* [Study material]
=======

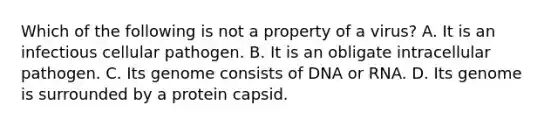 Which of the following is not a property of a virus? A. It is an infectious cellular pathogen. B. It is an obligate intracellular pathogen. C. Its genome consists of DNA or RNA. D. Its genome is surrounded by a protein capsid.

=======

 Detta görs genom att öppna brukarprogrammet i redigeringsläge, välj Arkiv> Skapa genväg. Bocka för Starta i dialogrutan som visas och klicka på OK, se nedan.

=======

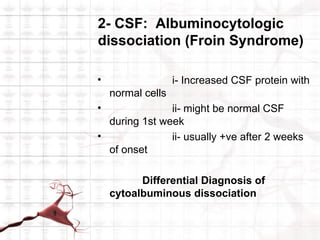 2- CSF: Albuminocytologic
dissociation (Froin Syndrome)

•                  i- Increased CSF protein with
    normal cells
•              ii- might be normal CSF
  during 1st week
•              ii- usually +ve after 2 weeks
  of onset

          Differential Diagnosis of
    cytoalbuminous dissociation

=======

* [Work request]
For the records above, state how many lines include "dissociation", giving no more than the number.

* [Output below]
2